Or perhaps you should anyway. The article you link to mentions many theoretical issues but it seems unlikely that XZ may end up unmaintained in 10 years, or fail reading files previously written.

As for data corruption, I’m not sure this is something you want to worry about at the application file format level nowadays.

I’m not sure zstandard achieves compression levels as high as xz. Brotli is behind zstd AFAIU.

Compression algorithms are cool. Zstd sounds amazing (modern parallel cpu friendly design) but it also sounds hard to reimplement. Lzma is painfully slow to compress at the default setting and so might make users sad. Brotli is a tasty snack.

It’s borderline crazy to suggest reimplementing a compression algorithm in pure Python (at least for use with CPython). Just put the C wrapper in the stdlib.

Sure there are probably easier bootstrapping methods if you want but don’t already have the native decompressor.

If we do implement this LZMA would be the obvious choice. It provides excellent compression, it’s in the standard library as zipfile.ZipFile("zipfile.zip", "a", compression=zipfile.ZIP_LZMA), the memory usage on compression would surely not be more than 2x the size of the wheel (and only two of the top 512 are > 50MB) in the worst case and less on decompression, and if you were unhappy with the speed of repeated installs from cache you could reverse the transform or recompress the nested archive with gzip.

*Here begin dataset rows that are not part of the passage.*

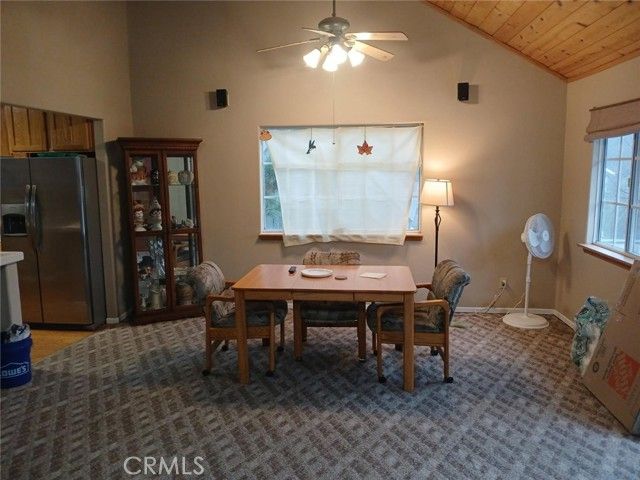 23883 Zuger, Crestline, CA 92325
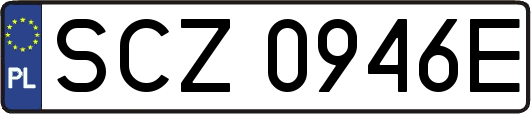 SCZ0946E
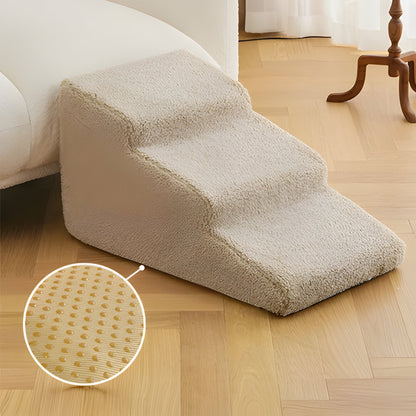Easy Step Pet Ramp for Small and Senior Dogs
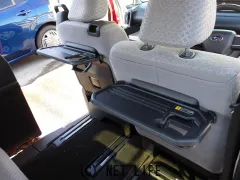 スバル シフォン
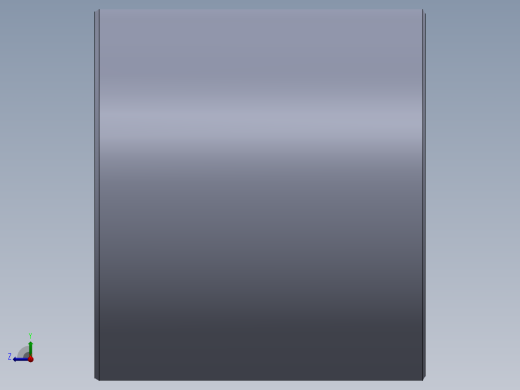 SPL 21x25x45x40 - 6.SLDPRT右视缩略图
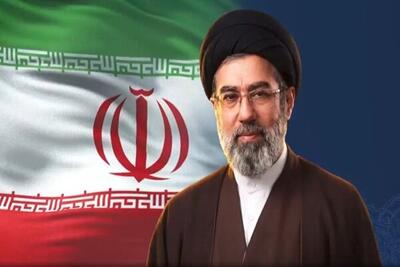 احکام انتصاب تنی چند از فرماندهان نظامی از سوی فرمانده معظم کل قوا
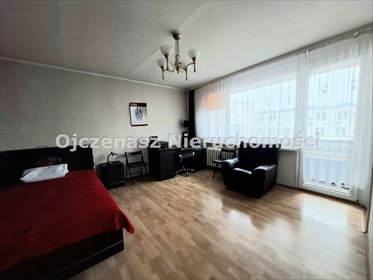 mieszkanie na sprzedaż 38m2 mieszkanie Bydgoszcz, Bartodzieje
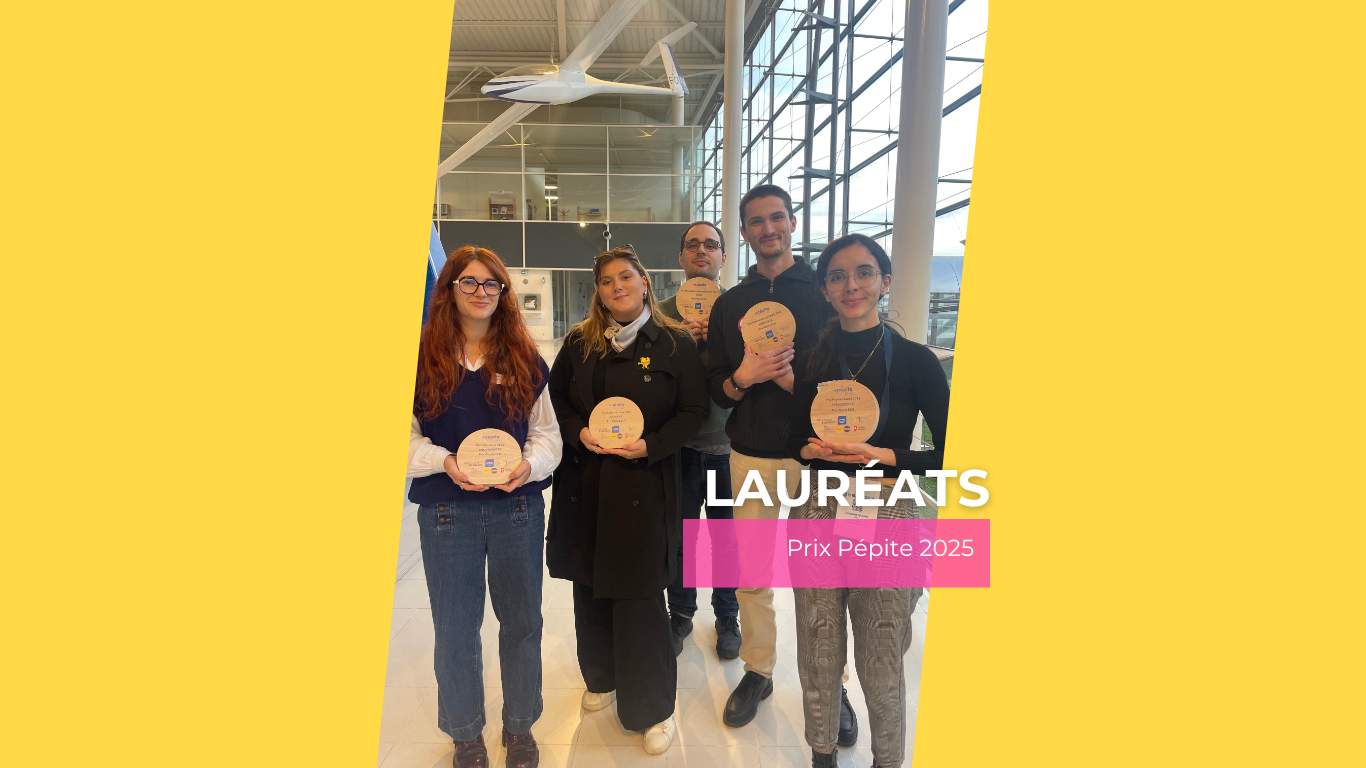 SENSORIA GOURMET Site Web 2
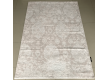 Arylic carpet Versail 6960B - high quality at the best price in Ukraine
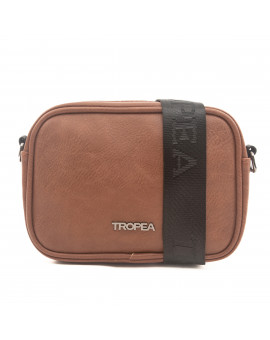 Bandolera Agra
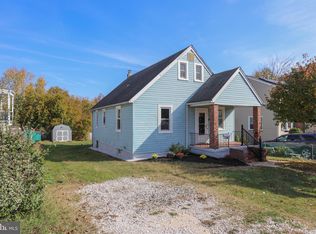 4218 Cardwell Ave, Baltimore, MD 21236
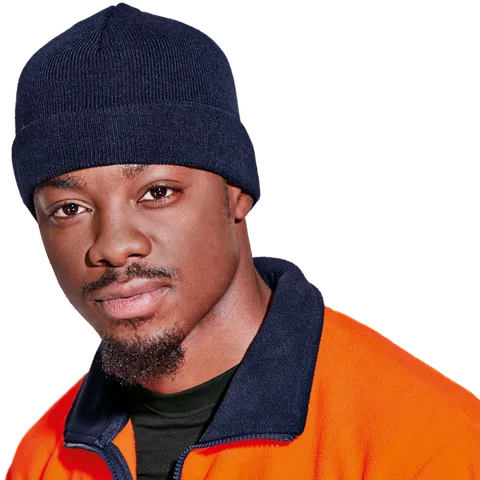 95-main.png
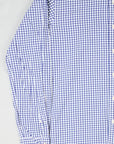 Ralph Lauren - Shirt (M) Left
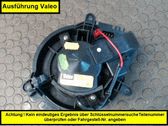 Elektrolüfter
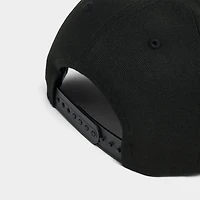 New Era Cincinnati Bengals NFL 9FORTY Tonal Snapback Hat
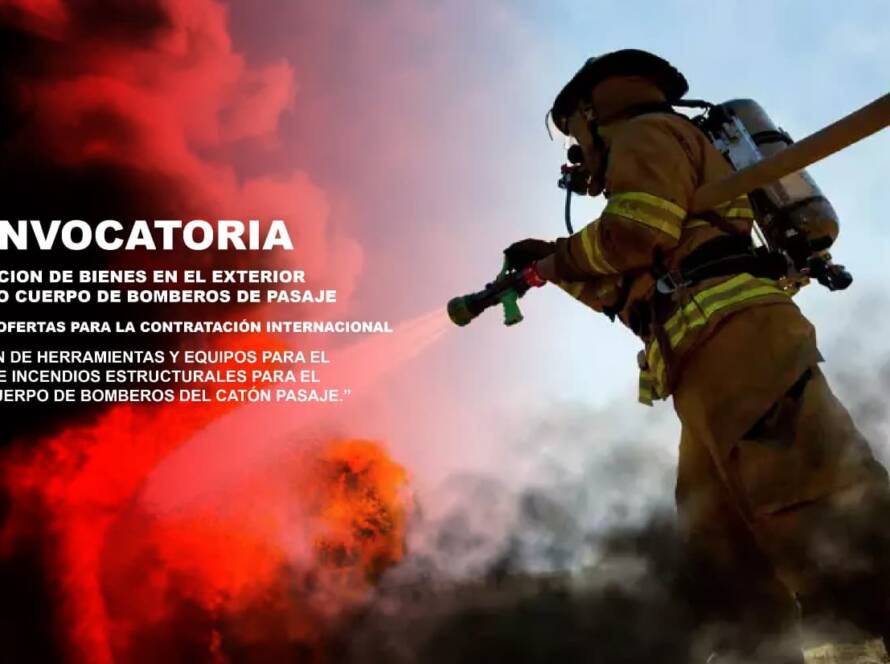 bomberospasaje-convocatoria-ene-2026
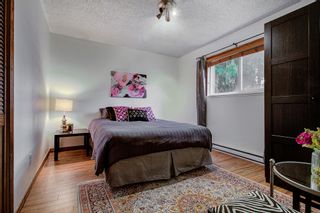 Photo 14: 21161 122 Avenue in Maple Ridge: Northwest Maple Ridge House for sale : MLS®# R2415001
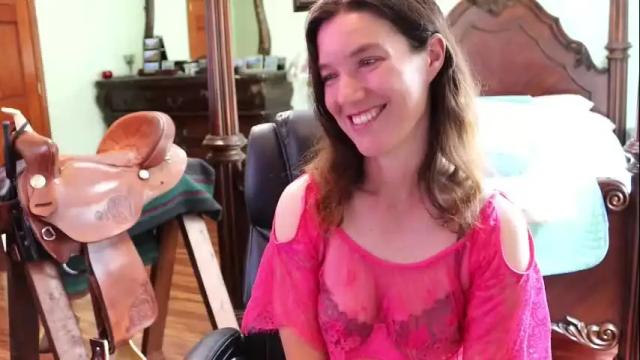 Thumbnail 3, thornbury_rose's Stream at Chaturbate, 6 days ago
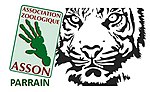 Thumbnail for File:Asso-zoo-asson.jpg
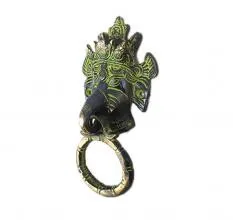 233X220-9095Antique-Ganesha-Door-Knocker-2-(1).JPG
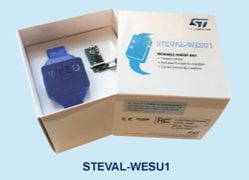 STEVAL-WESU1.jpg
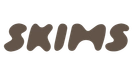Discover SKIMS: Solutions for Every Body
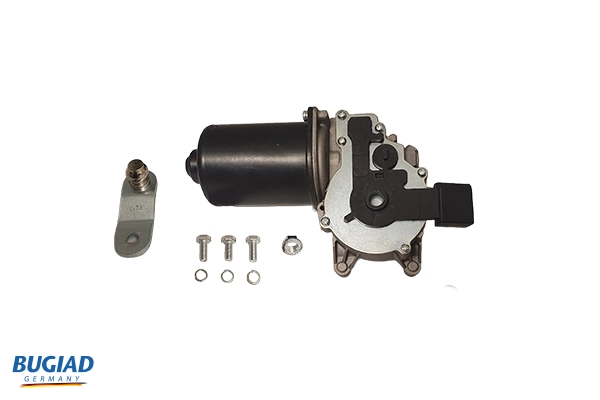 Comprar Motor del limpiaparabrisas 3  E92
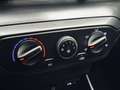 Hyundai i20 Trend Mild-Hybrid AUTOM.|CARPLAY|SHZ|KAMERA| Zwart - thumbnail 26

Just for the record: Fedora 31 Considers Compressing Their RPM Packages With Zstd Rather Than XZ - Phoronix

The switch from XZ to Zstd compression for Fedora RPMs is currently being considered in the name of greater decompression performance. Tests done by Red Hat engineers show this would pay off big time in much faster decompression speeds – around a third of the time it takes to decompress XZ’ed RPMs currently either to Tmpfs or an actual on-disk file-system. If going for the Zstd Level 19 compression level that’s being considered, it would also offer a much better compression ratio. At present, Fedora’s XZ-compressed RPMs are done at level two.